La nuit était magnifique, et, pendant que je m’établissais dans des lieux plus confortables, un brillant météore parcourut plus de soixante degrés d’un ciel sans nuage, laissant après lui une traînée de lumière qui dura plusieurs secondes. C’était le héraut qui annonçait un spectacle splendide. Des étoiles filantes tombèrent par centaines, et leur clarté n’étant obscurcie par aucune vapeur, elles brillèrent avec plus d’éclat que Sirius même dans notre humide climat.

Le lendemain matin, après avoir remonté la vallée pour examiner le Viso, je retournai à Abriès où j’engageai à mon service un paysan d’un hameau voisin, que mon ami le Marseillais avait envoyé chercher.

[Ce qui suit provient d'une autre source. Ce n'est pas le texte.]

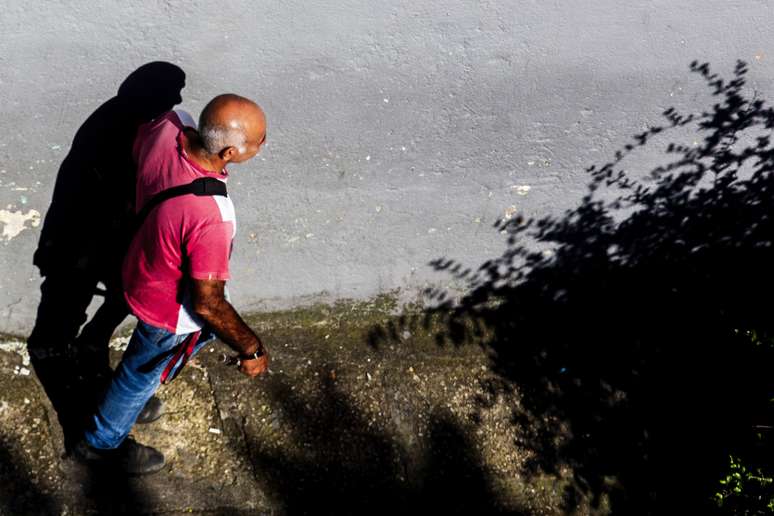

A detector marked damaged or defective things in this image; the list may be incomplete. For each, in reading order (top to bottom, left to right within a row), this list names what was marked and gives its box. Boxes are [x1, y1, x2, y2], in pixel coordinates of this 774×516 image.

peeling paint [0, 209, 41, 241]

Il ne pouvait se lasser de boire et de fumer, et ne quittait sa pipe que pour prendre un verre de vin ou d’eau-de-vie. Nous remontâmes ensemble la vallée et nous couchâmes dans la hutte d’un berger dont le gain annuel était presque aussi restreint que celui du pâtre que Longfellow met en scène dans Hypérion. Le lendemain matin, nous nous dirigeâmes tous trois vers le sommet du passage que j’avais traversé en 1860, mais la tentative que nous fîmes pour nous rapprocher de la montagne échoua complétement[1] : une brèche profonde aux versants à pic formait un obstacle infranchissable ; la pente de neige elle-même, qui existait l’année précédente sur le versant piémontais du passage, avait disparu, et il nous fut impossible de descendre sur les rochers situés au-dessous de nous.

Quinze jours plus tard, l’ascension du Viso fut accomplie pour la première fois par MM. Matthews et Jacomb, avec les deux Croz de Chamonix. Ils montèrent du côté du midi, et cette ascension, autrefois considérée comme absolument impossible,

  1. Il existe au nord, près du mont Viso, trois cols ou passages qui conduisent de la vallée du Pô dans celle du Guil. La brèche profonde dont il est question ci-dessus est la plus rapprochée de la montagne, et, bien qu’elle soit de beaucoup la plus basse dans cette partie de la chaîne, bien qu’elle semble être le véritable col Viso, elle ne parait pas utilisée. La seconde, que j’avais traversée en 1860, porte sur la carte sarde le nom de Col del Color del Porco ! La troisième est le col de la Traversette, et, quoiqu’elle soit la plus élevée des trois, c’est celle par laquelle les gens du pays passent d’une vallée dans l’autre.